Information given -
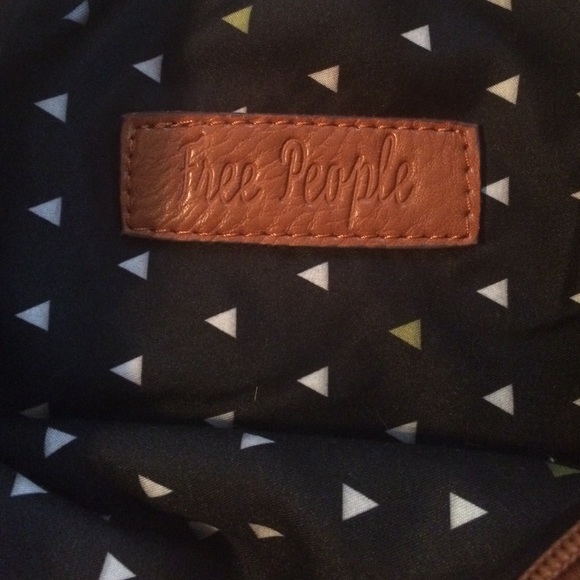 Free people computer or IPad case with dust bag - Picture 3 of 4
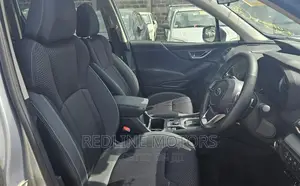 Subaru Forester 2018 Silver
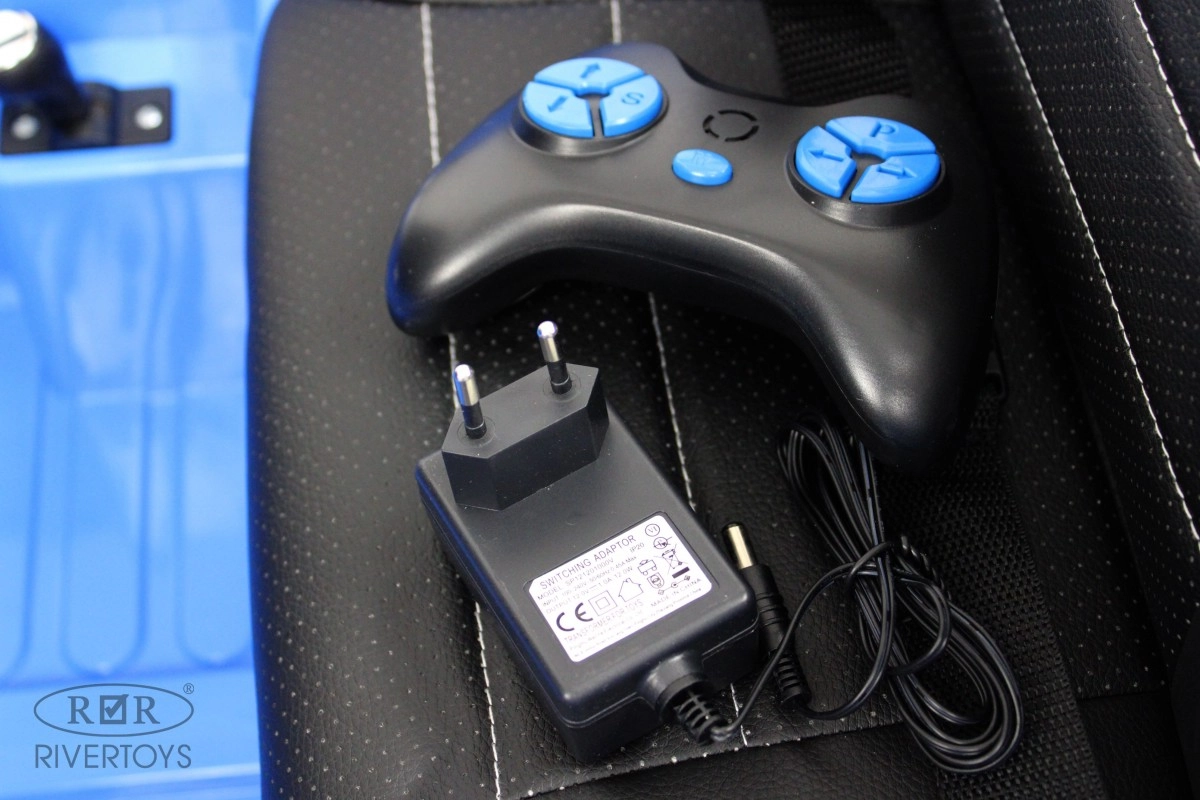 Детский электромобиль RiverToys T222TT 4WD синий azlf5229eexls29m6cipvkfdzvpduojy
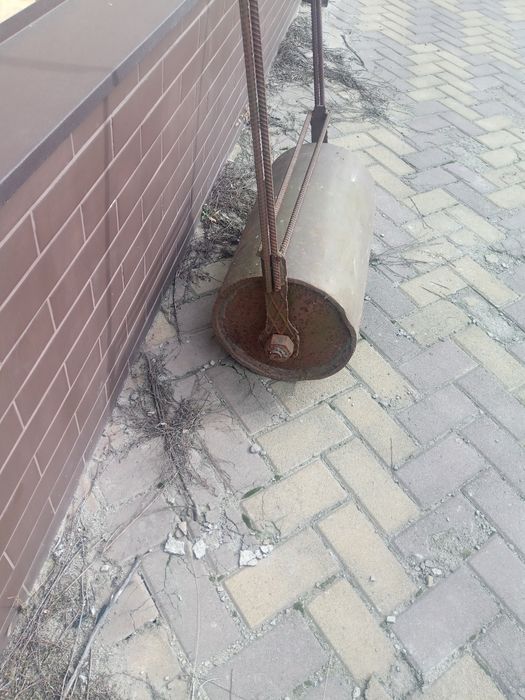 Каток ручной для дорожных покрытий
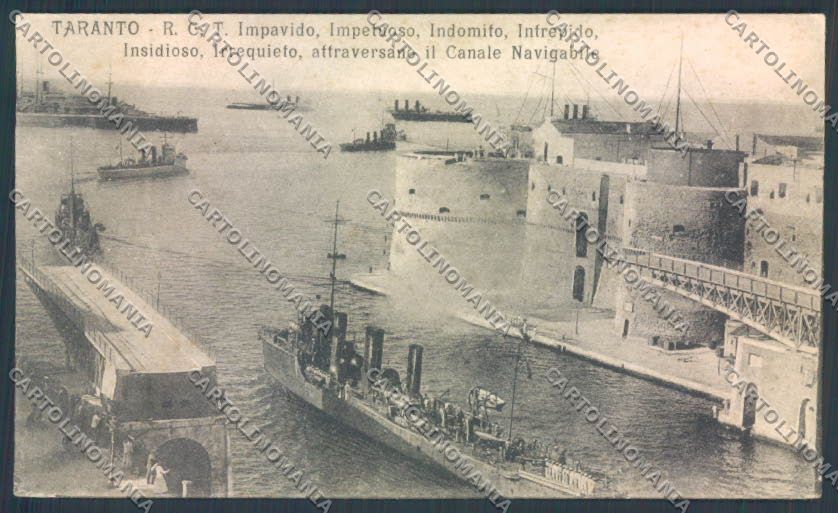 Taranto Città Navi da Guerra SCOLLATA cartolina ZB6685 – fronte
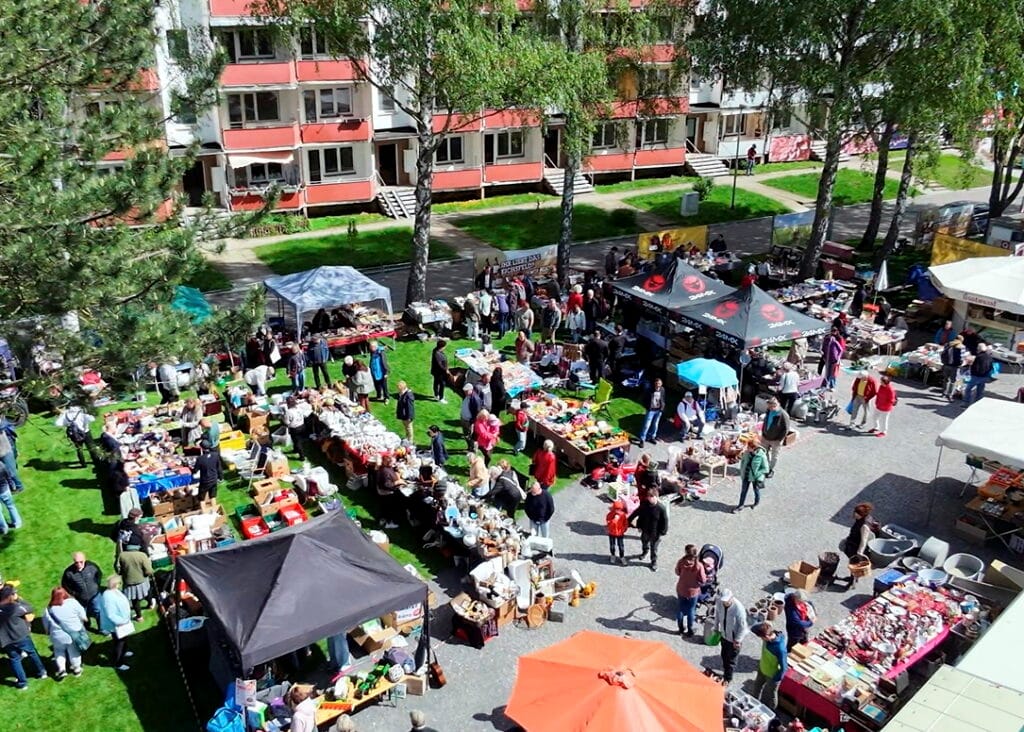 Schatzsuche vor dem Blumenblock begeistert Gäste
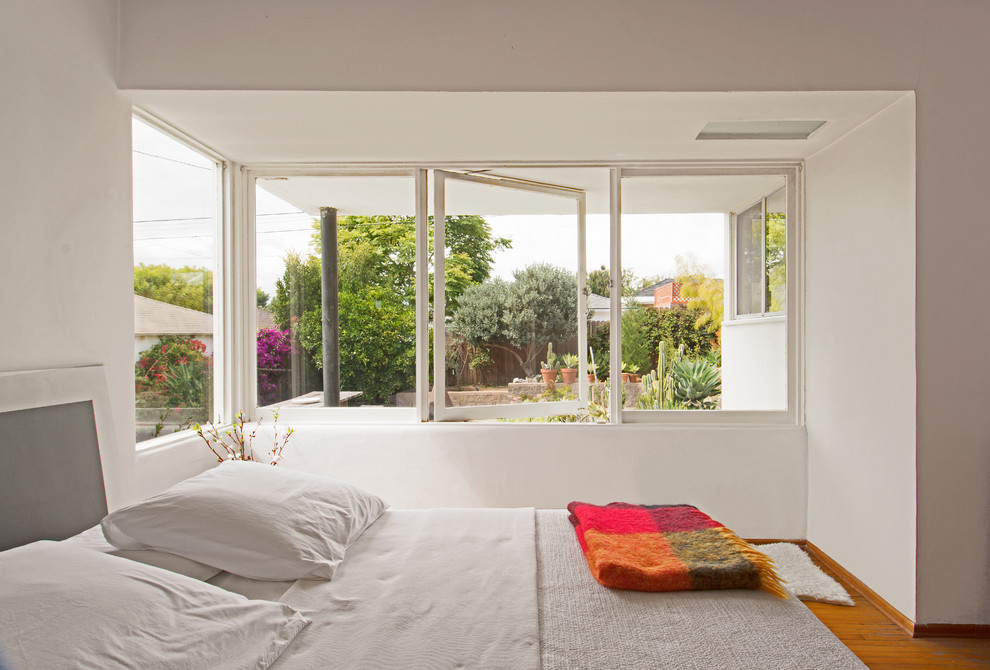 Inspiration for a midcentury bedroom in Los Angeles.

Exercise aim - What's needed here is an exact repeat of all the records above, pictures excluded.

Answer to the problem -
 Free people computer or IPad case with dust bag - Picture 3 of 4
 Subaru Forester 2018 Silver
 Детский электромобиль RiverToys T222TT 4WD синий azlf5229eexls29m6cipvkfdzvpduojy
 Каток ручной для дорожных покрытий
 Taranto Città Navi da Guerra SCOLLATA cartolina ZB6685 – fronte
 Schatzsuche vor dem Blumenblock begeistert Gäste
 Inspiration for a midcentury bedroom in Los Angeles.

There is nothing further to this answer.